Woman Shows Up To Her Own Funeral After Boyfriend's Hitmen Refuse To Kill Her

An Australian court sentenced the boyfriend to nine years for "inciting murder."

Balenga Kalala was saying goodbye to the last visitors at his partner’s funeral when he saw what he thought was a ghost. Noela Rukundo — the mother of his children, the woman people were there to mourn — was standing right outside their house in Melbourne, Australia.

“Surprise!” said Rukundo, according to an interview that aired Friday on the BBC. “I’m still alive!”

Kalala had told his friends and neighbors that Rukundo had died in a terrible accident while visiting relatives in her native Burundi. But on Dec. 11, nearly a year after Rukundo showed up to her own funeral, the Supreme Court of Victoria at Melbourne sentenced Kalala to nine years in prison. The charge: inciting his partner’s murder by paying a team of hitmen to take her out.

The hitmen, however, turned out to have more scruples than Kalala anticipated.

The bizarre story began 2004, when Kalala, originally from the Democratic Republic of the Congo, arrived in Australia as a refugee. Court records show that he fled his country after rebels invaded his village, killing his first wife and child. He settled in Melbourne, where he took a job in seafood processing and enrolled in English language classes.

Eventually, he became so good at the language that he started to act as a Swahili translator for his social worker, according to the BBC. It was through that social worker that he met Rukundo. The two fell in love and moved in together. They eventually had three children — plus the five kids Rukundo had from a previous marriage.

The couple lived what Chief Justice Marilyn Warren described in her sentencing statement as “a fairly happy relationship.” But then, last January, Rukundo went back to Burundi to attend her stepmother’s funeral — and things took a turn for the worse. One of Kalala’s friends told him she was seeing another man in Burundi.

There was never any proof, but Kalala became violently jealous. Court records state that on Feb. 17 last year, he got in touch with a friend in Burundi and wired him $3,400 AUD — about $2,400 USD — to have her killed.
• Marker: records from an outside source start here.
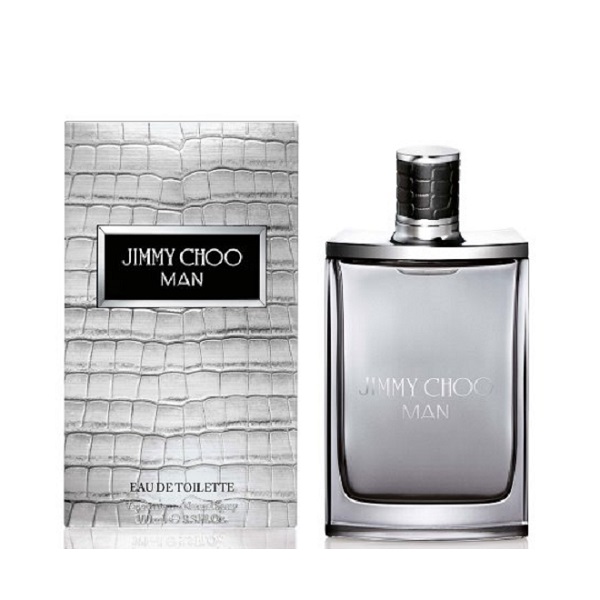 Jimmy Choo Man, Eau De Toilette for Men - 100ml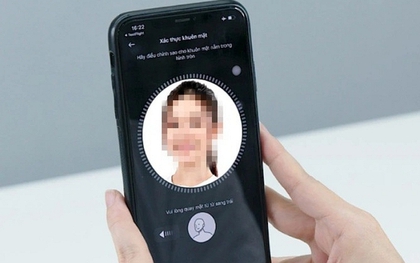 Tại sao không nên dùng khuôn mặt để mở khóa điện thoại?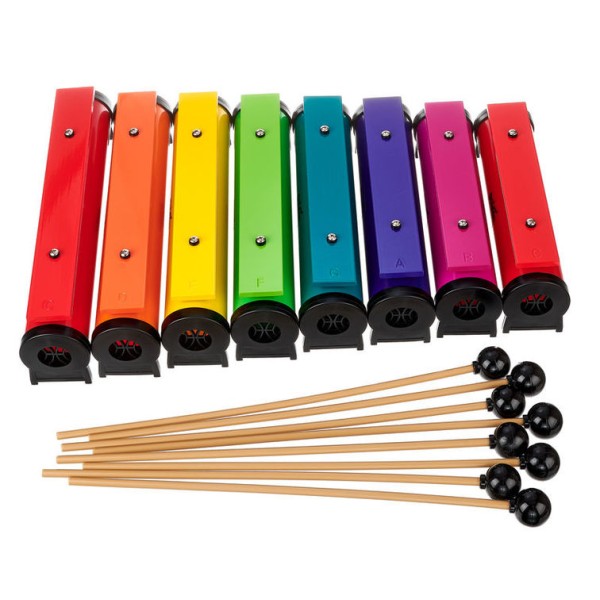 Cauruļu Metalofons Goldon 11408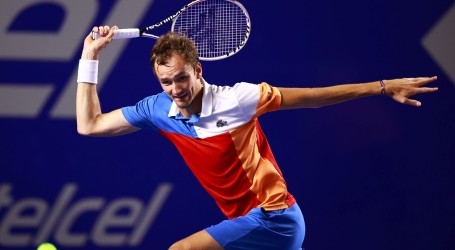 Izašla nova ATP ljestvica: Medvedev i dalje prvi, Čilić 24. tenisač svijeta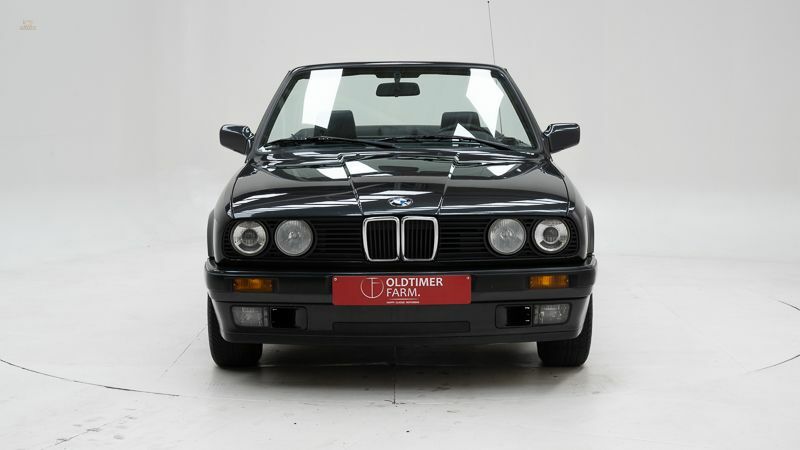 Thumbnail von BMW  318i Cabriolet '92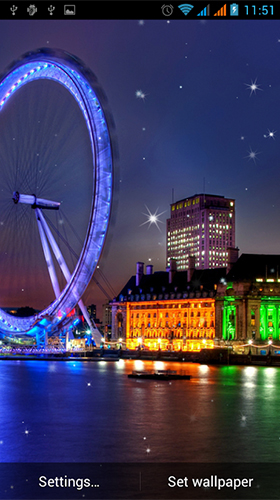 London by Best Live Wallpapers Free für Android spielen. Live Wallpaper London kostenloser Download.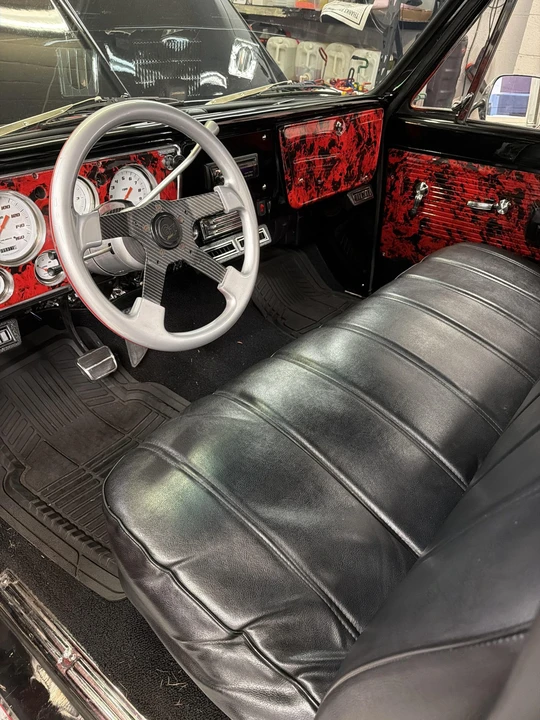 1967 Chevrolet C/K 2nd Gen - Image 28 of 31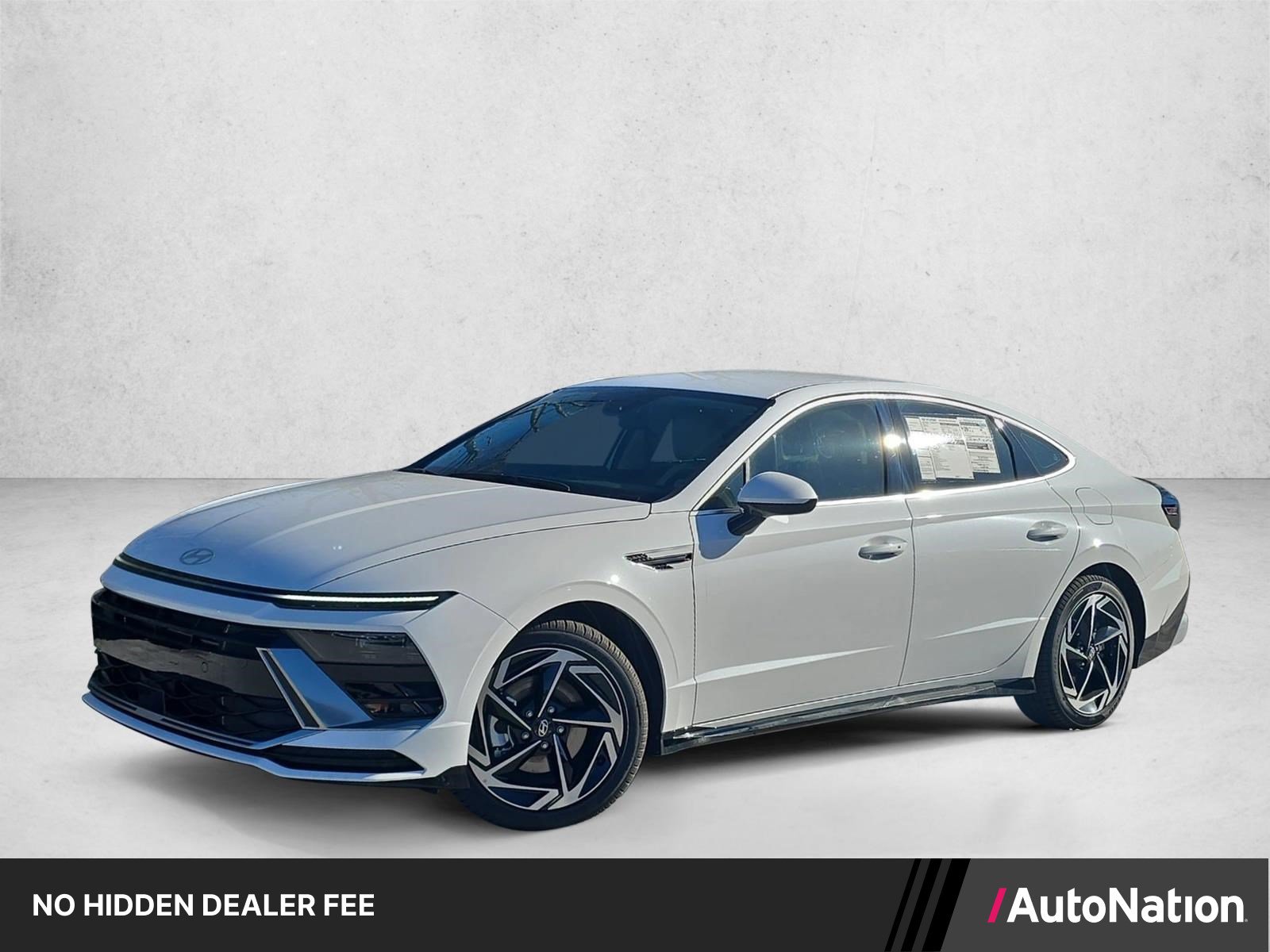 New 2026 Hyundai Sonata SEL FWD image 1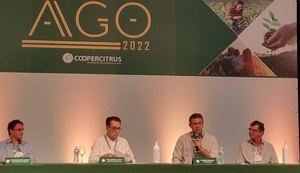 Coopercitrus fatura R$ 8 BI e cresce 35% em 2021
So that she wouldn't suspect anything, Kalala stayed in touch with Rukundo as he planned her murder. On the day that she was supposed to be killed, court records show, he called her at her hotel room and suggested to her that she should go for a walk to beat the heat.

The moment Rukundo stepped out of the hotel, she was approached by a man with a gun. He forced her into a car, where he and two others covered her face with a dark hood and drove her away, court records show.

Later that day, the kidnappers removed the hood and told her that her partner had paid them to have her killed. According to the BBC, they even called him on speakerphone to tell him that they had caught her.

“Kill her,” Kalala reportedly told the kidnappers over the phone.

The hitmen, however, told Rukundo they were not actually going to kill her, court records state. They said they didn’t want to kill a woman and that, since they knew her brother, they didn’t really want to harm her.

Court records state that the kidnappers held Rukundo for a few more days. During that time, they called Kalala and told him they had completed the job. They asked for more money, and he wired them another $3,400 AUD, records show.

Kalala, the sentencing papers say, thanked the hitmen and told them they had become “like family” to him.

The kidnappers eventually released Rukundo. They handed her the wire transfer receipts that showed Kalala had paid them, as well as a memory card with the record of their telephone conversations.

With the help of her brother, Rukundo returned to Australia and confronted Kalala at her own funeral. According to court records, Kalala originally denied his involvement in the scheme — but eventually confessed to his church pastor and, later, to the authorities. He was taken to prison on March 2, where he has remained ever since.

Rokundo’s troubles, however, were far from over. Court records and her interview with the BBC show that she has faced backlash from her community, many of whom blame her for putting Kalala behind bars.

Rukundo, however, says she is not bothered by the gossip.

“I will stand up like a strong woman,” Rukundo told the BBC. “My situation, my past life? That is gone. I’m starting a new life.”